*Material to process*:
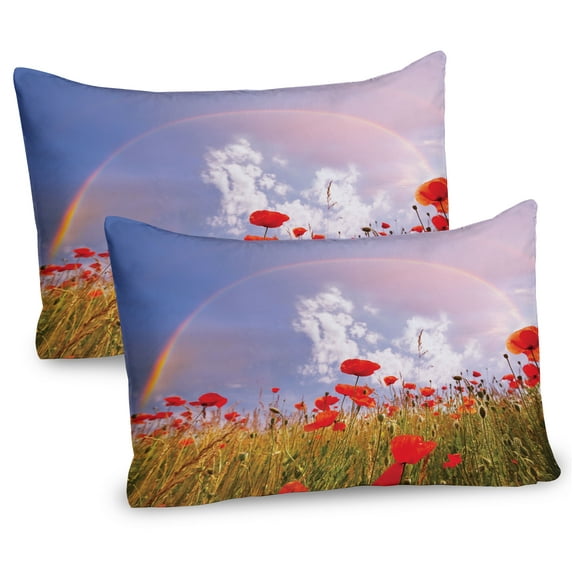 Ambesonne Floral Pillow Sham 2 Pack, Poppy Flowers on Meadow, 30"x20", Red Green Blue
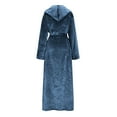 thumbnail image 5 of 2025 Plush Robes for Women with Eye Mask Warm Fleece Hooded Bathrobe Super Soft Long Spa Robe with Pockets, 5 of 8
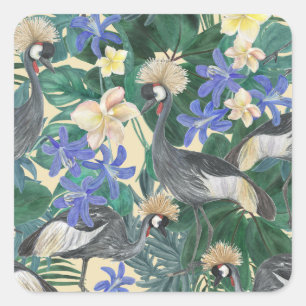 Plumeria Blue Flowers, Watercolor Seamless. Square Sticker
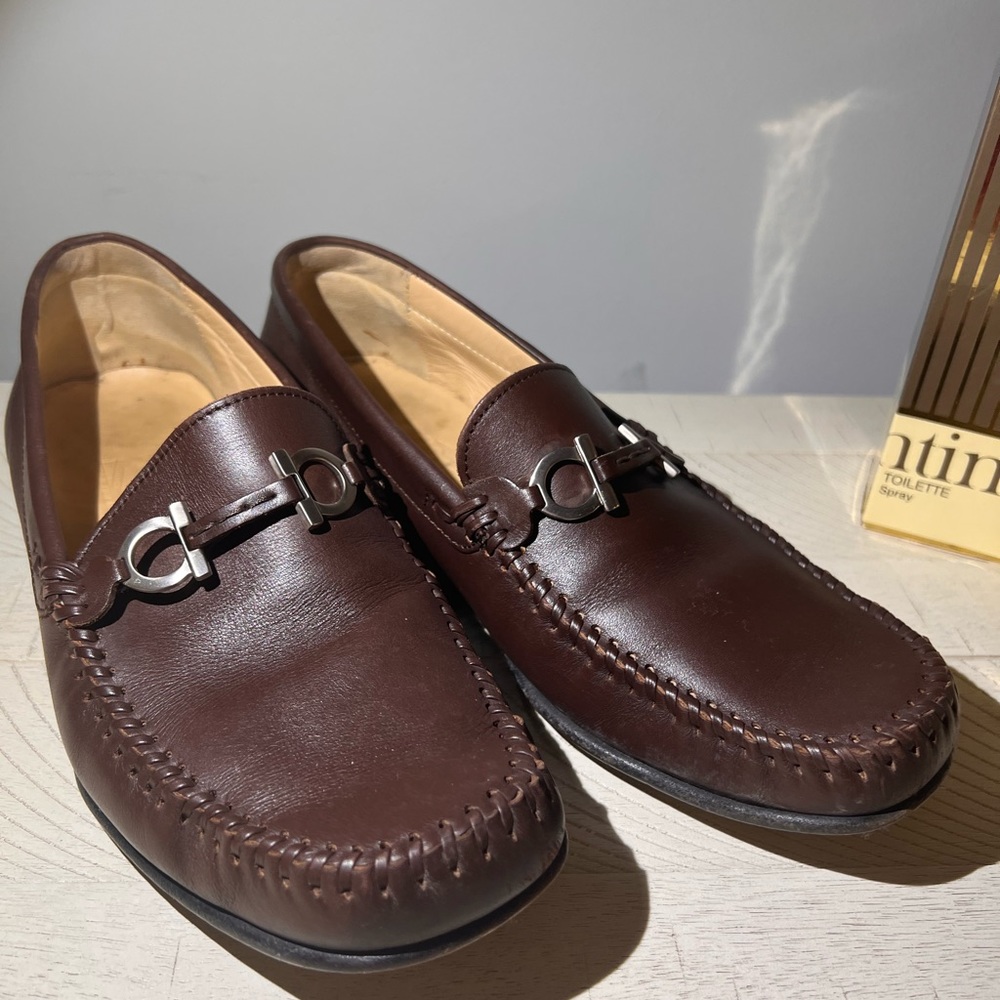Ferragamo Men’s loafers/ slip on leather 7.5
--
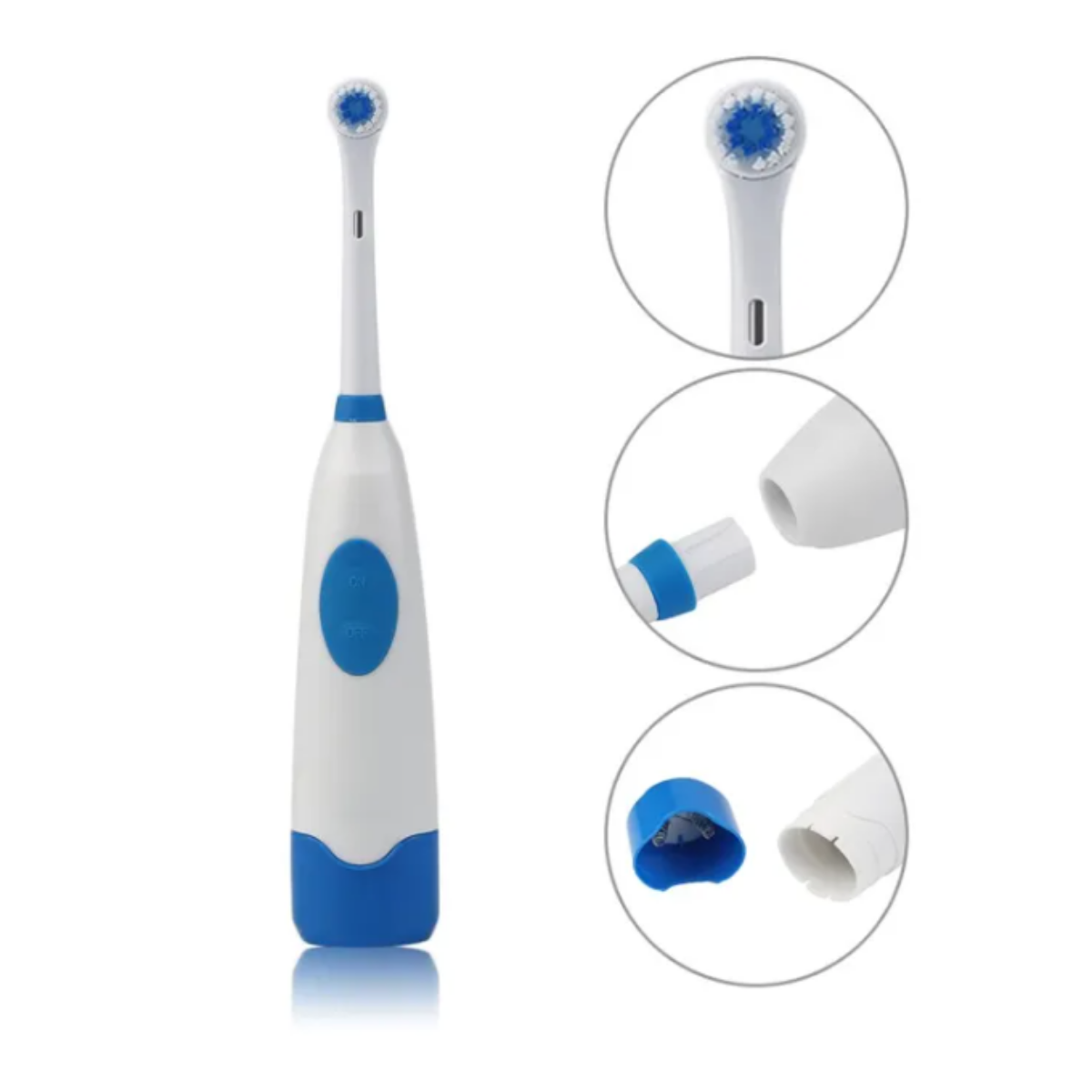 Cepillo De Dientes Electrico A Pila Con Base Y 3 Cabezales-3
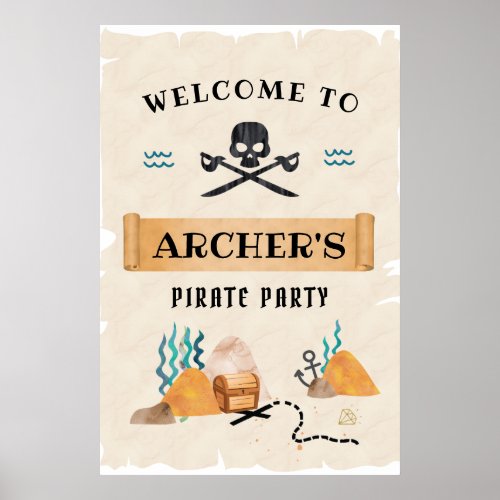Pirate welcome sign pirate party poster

*Work request*:
Reproduce exactly the lines above starting at the line containing "Ambesonne Floral Pillow" and ending at the line containing "Ferragamo Men’s loafers/ slip on leather 7.5", including both, but not the pictures.

*Written response*:
 Ambesonne Floral Pillow Sham 2 Pack, Poppy Flowers on Meadow, 30"x20", Red Green Blue
 thumbnail image 5 of 2025 Plush Robes for Women with Eye Mask Warm Fleece Hooded Bathrobe Super Soft Long Spa Robe with Pockets, 5 of 8
 Plumeria Blue Flowers, Watercolor Seamless. Square Sticker
Ferragamo Men’s loafers/ slip on leather 7.5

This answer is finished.